That’s why I didn’t much care about the endless Part One-isms, because Dod Mantle’s cinematography is so revelatory we can dissociate the film’s plotting from its staggering visuals. In an era that has mostly forgotten how to shoot movies and formally innovate, Dod Mantle continues the legacy he began with Thomas Vinterberg in The Celebration and Harmony Korine in Julien Donkey-Boy to continue questioning how a film can be shot at a time where one simple phone (or 50 phones mounted on a rig) can create the most impeccable visual poetry you’ve seen. In a way, it acts as a companion piece to Joseph Kosinski’s incredible F1 The Movie, where cinematographer Claudio Miranda continues his collaboration with the TRON: Legacy filmmaker in their rethinking of large-format photography as they take the exact same set up they experimented with for Top Gun: Maverick, and mount it on racing vehicles.

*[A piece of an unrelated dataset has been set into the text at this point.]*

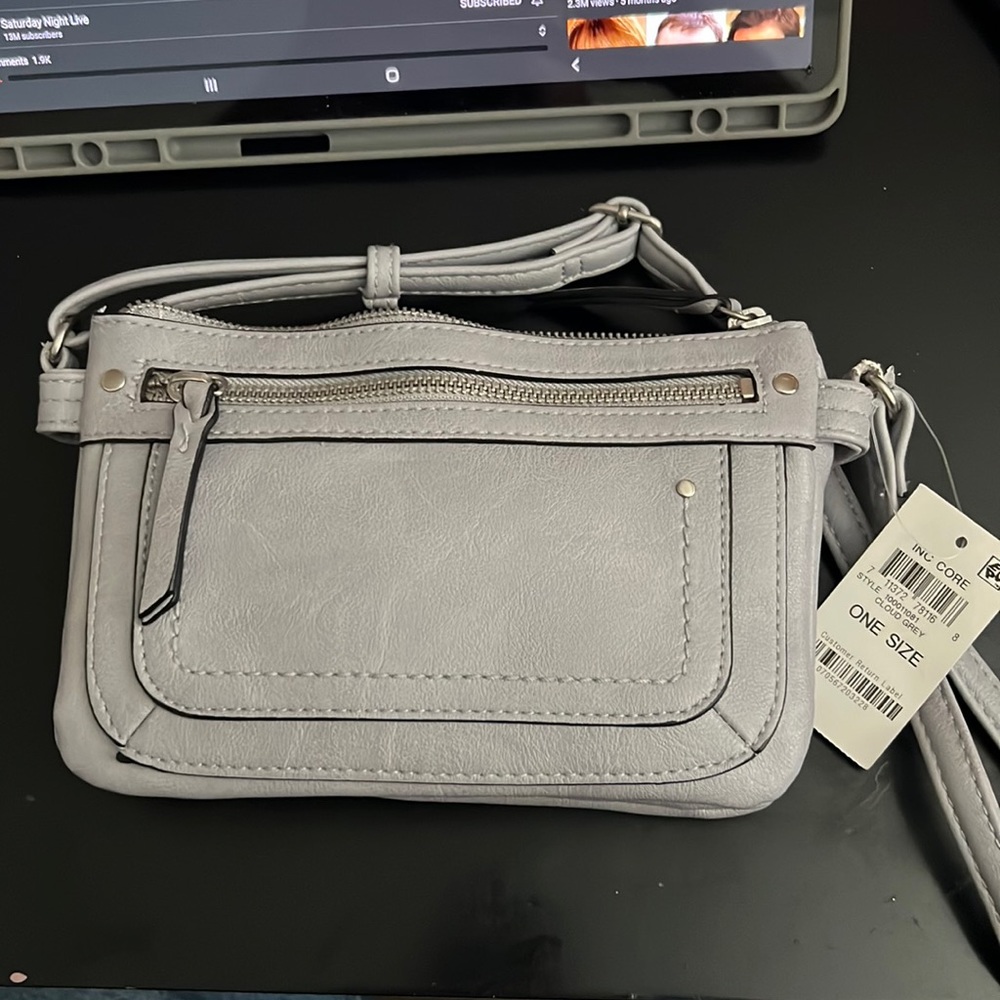 Brand new bag with tag still on it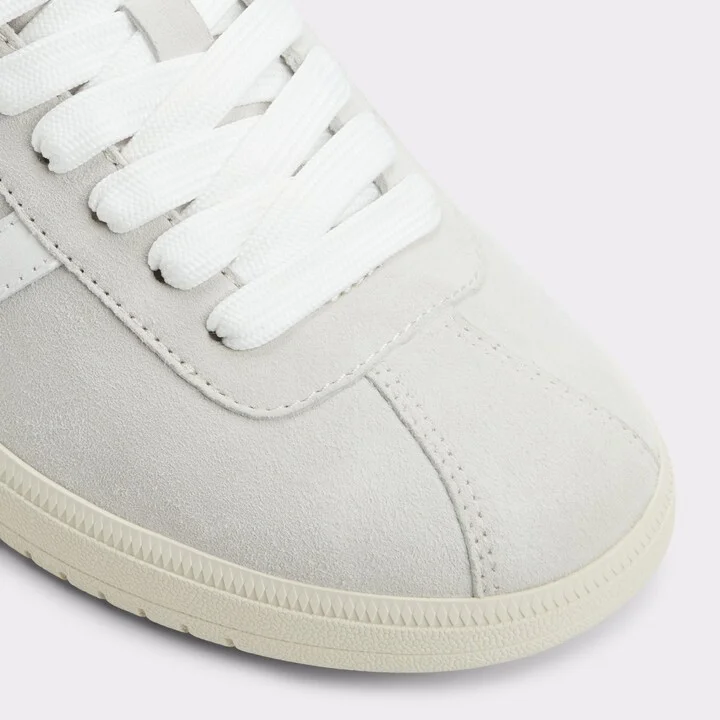 Low top sneaker - Image 5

Kosinski is more of an architectural perfectionist than Boyle, who loves to showcase the imperfections of filmmaking (as demonstrated in 28 Days Later) and its artifice, which he frequently does in 28 Years Later, especially during its DIY-coded final scene, where everything is thrown at the screen in pure maximalism, a complete swing for the fences that will either make or break your appreciation of the work. The narrative paths of both Isla and Spike will also divide audiences, who were looking for a more thrilling affair, especially as Garland halts momentum and decides to ruminate on what life in a post-apocalyptic society means, as medical progress has ceased to exist. Still, Comer and Alfie Williams give the film’s best performances, while the contribution of Taylor-Johnson gets sidelined as soon as the movie shifts tonalities and becomes a more meditative affair.
While I’m not entirely sold on which direction the upcoming Bone Temple will take, one can’t entirely dismiss Boyle and Dod Mantle’s formal daring based on a few baffling screenwriting decisions from Garland. After all, this is the best screenplay he’s written in a long time, but he still seems a bit wobbly from his past missteps. Perhaps the second one will be much clearer, though I’m afraid it will alienate audiences way more than this one does, especially in how it sets up a central character with a strange connection to those godforsaken, Satan-created Teletubbies, making them this franchise’s recurring motif?? What did the children of the world do to deserve such a horrifying show like this one…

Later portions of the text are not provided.